My new culture season is duly launched.  As of last night, I’ve taken in: “Anna  Nicole,”  apparently the last production of New York City Opera, presented in collaboration with the Brooklyn Academy of Music on September 21; the new film “Don Jon” by Joseph Gordon-Levitt at the AMC Theater on Broadway at 84th Street on September 29; a memorial celebration for my friend, the late Ari Joshua Sherman, at the DiMenna Center for the Arts that same evening, September 29; my first New York Philharmonic subscription concert at Lincoln Center on September 28; the new Broadway revival of “The Glass Menagerie” at the Booth Theatre on October 1; and the American Symphony Orchestra’s “New York Avant-Garde” concert at Carnegie Hall last night, October 3.

Herewith a brief summary of these experiences as the season really gets under way.
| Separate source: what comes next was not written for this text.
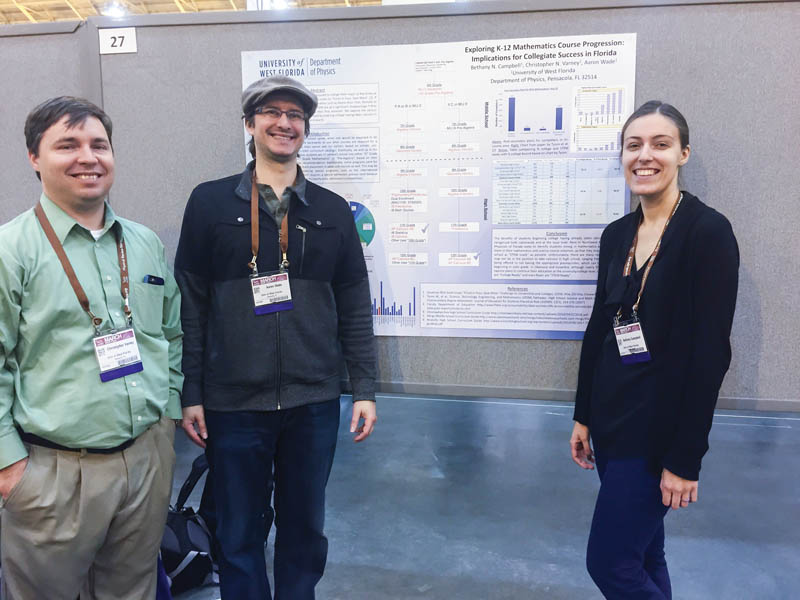 Dr. Christopher N. Varney, Dr. Aaron Wade, and Bethany Campbell at the undergraduate poster session.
New York City Opera has been an important part of my cultural life ever since I arrived in the city in the fall of 1977.  I have particularly appreciated their staging of new works and works that are not central to the repertory, since the mainstream stuff is available in generally superior performances from the Metropolitan Opera.  It isn’t so much that City Opera was less expensive to attend, but that it was usually more interesting to attend, even when they were putting on standard works such as “La Boheme” or “Carmen,” since they usually found an interesting “twist” that made them seem like new works as well.
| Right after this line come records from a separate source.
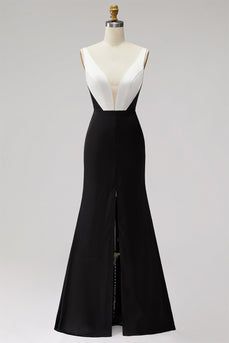 Black White Sheath Satin V-Neck Long Formal Dress with Slit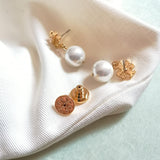 Pearl Logo Drop Earrings Gold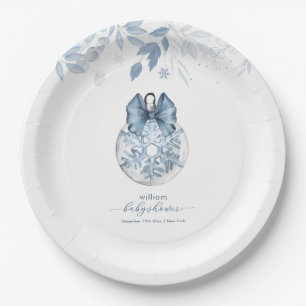 Blue Winter Bow Snowflake Ornament Baby Shower  Paper Plates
But a series of management mistakes, and the heavy fundraising competition of the Met, together with the impact of the Great Recession on charitable donations, has put the City Opera into a financially untenable position.  If there had to be a last production, I’m glad it was a new opera, a premiere for New York, and something that lived up to most of the advance hype.  Although I found Mark-Anthony Turnage’s score to be serviceable rather than memorable, the libretto by Richard Thomas would have made an excellent play with incidental music on its own, and the production directed by Richard Jones with the music conducted by Steven Sloane was consistently entertaining and attention-grabbing.  From one perspective, this might seem a trivial piece of musical theater fluff about a gold-digger who was famous for marrying an elderly billionaire and then battling his family in court for her intestate inheritance as a surviving spouse, but it had an awful lot to say as wry satire about our celebrity-obsessed society and the dangers that these “no-talent” celebrities run into as they encounter the hangers-on, exploiters, and – in this case—hostile “in laws.”   Too bad there is unlikely to be a film from this production, but I think there may be one from the original English production at Covent Garden.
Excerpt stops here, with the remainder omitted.